Wednesday, January 25, 2012

The Tree of Life, the human body, and the skateboarder

'Let Us make Adam in our image and in our form'

The  above verse intimates that the human is created in the image of the Divine. In fact, every human body part corresponds to a particular spiritual energy or Sefirah:

The skull corresponds to Keter, subconscious will;
the right hemisphere of the brain relates to Chochmah, creative, spontaneous thought;
the left hemisphere relates to Binah, analysis and language;
the right arm parallels Chessed, loving-kindness;
the left arm, Gevurah, judgement, strength, and sternness;
the Torso corresponds to Tiferet, beauty and balance;
the right leg is associated with Netzach, dominance and victory;
the left leg, Hod, submission and surrender;
the genitals relate to Yesod, foundation and bonding;
and the mouth relates to Malchut, sovereignty and interface.

The first three qualities form the cognitive triad; the second three, the emotional triad, and the next three, the functional triad. In addition, the three qualities on the right side, all expansive and flowing in character, form the 'right pillar', while the three on the left, all limiting and rigid, make up the 'left pillar'. The four qualities in the middle balance the qualities on the right and left, constitute the 'middle pillar'.

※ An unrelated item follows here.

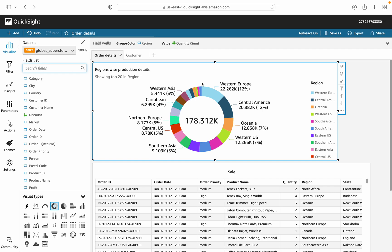Welcome again to my new video on filters in QuickSight. We will cover how to use a filter in QuickSight, how to associate the filter with parameters, and how to use globalized filters on different sheets and different visuals.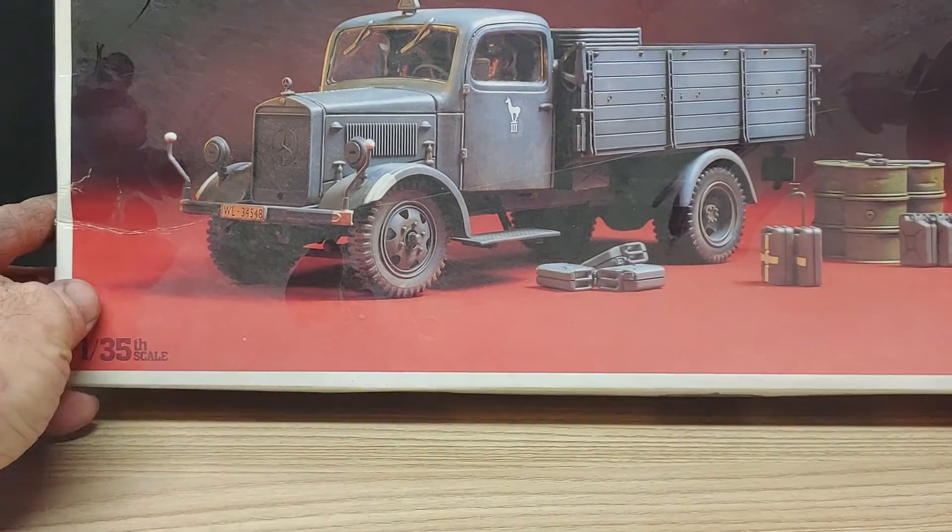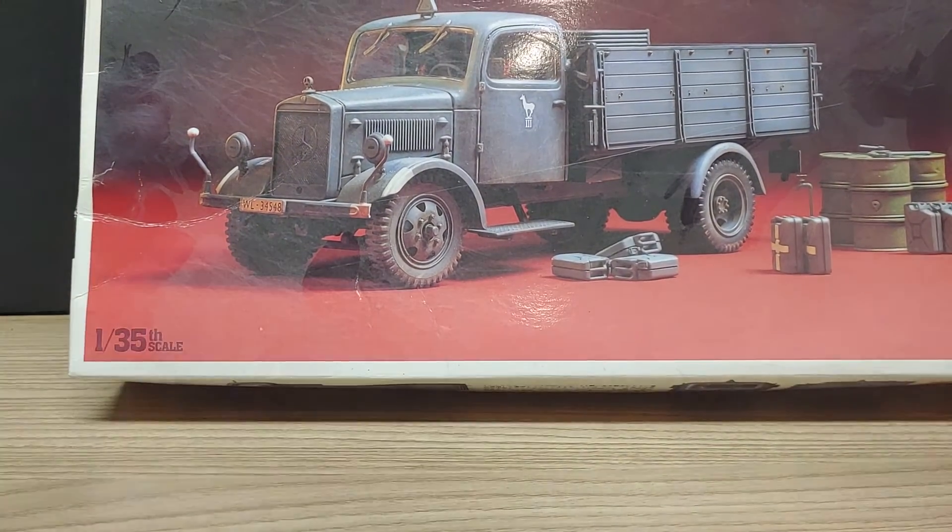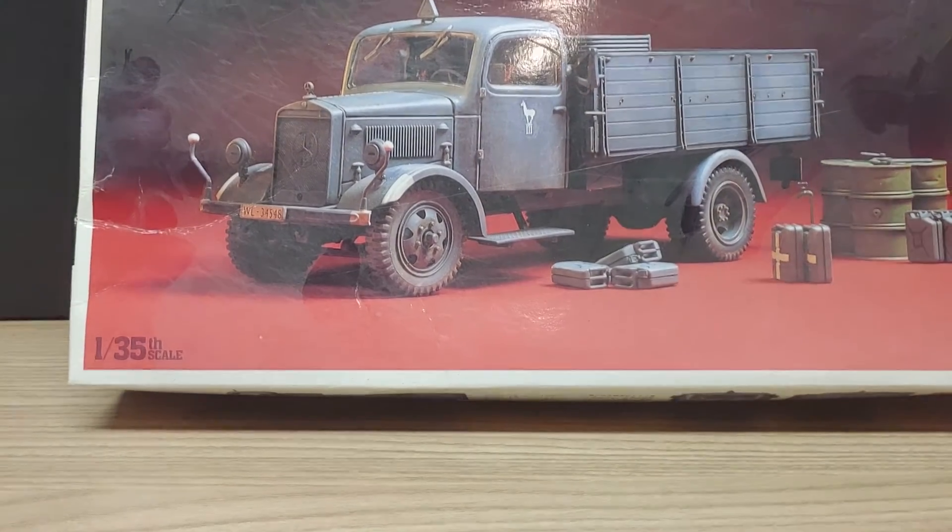So I decided to jump in on this group build. It's a good group build, I think, in recognition of them guys. So anyways, this is what I'll be building. Well, I can't talk, right?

The qualities are not isolated and independent but interactive and interpenetrating. And, though the number of connections and patterns are extremely complex and varied, there are four basic relations which I'd like to touch upon:

 1. the 'descent' of the cognitive triad to the functional triad;
 2. the 'ascent' of the functional to the cognitive;
 3. the inclusion of the right pillar within the left; and,
 4. the inclusion of the left pillar within the right.

1. When engaged in a practical activity such as washing the dishes or driving a car, the primary triad operating is the functional one. One bonds (Yesod) with the goal of the activity (having clean dishes), applies one's dish washing habits and skills to clean all the dishes as efficiently as possible (Netzach), and one is sensitive (Hod) to the fragility of the dishes so that one does not rough-handle and damage them. However, clearly, the cognitive faculties guide the functional so that they express themselves in the most effective ways.

2. On the other hand, when one is involved in an intellectual activity such as study, it's primarily one's cognitive triad that is engaged. Yet, one often uses his body to assist the thinking process, such as using the fingers to help count, to relate a teaching to another in order to clarify it within one's own mind, or, through experimentation and experience one's comprehension of a concept is profoundly enriched. The functional triad is thus included within the cognitive triad.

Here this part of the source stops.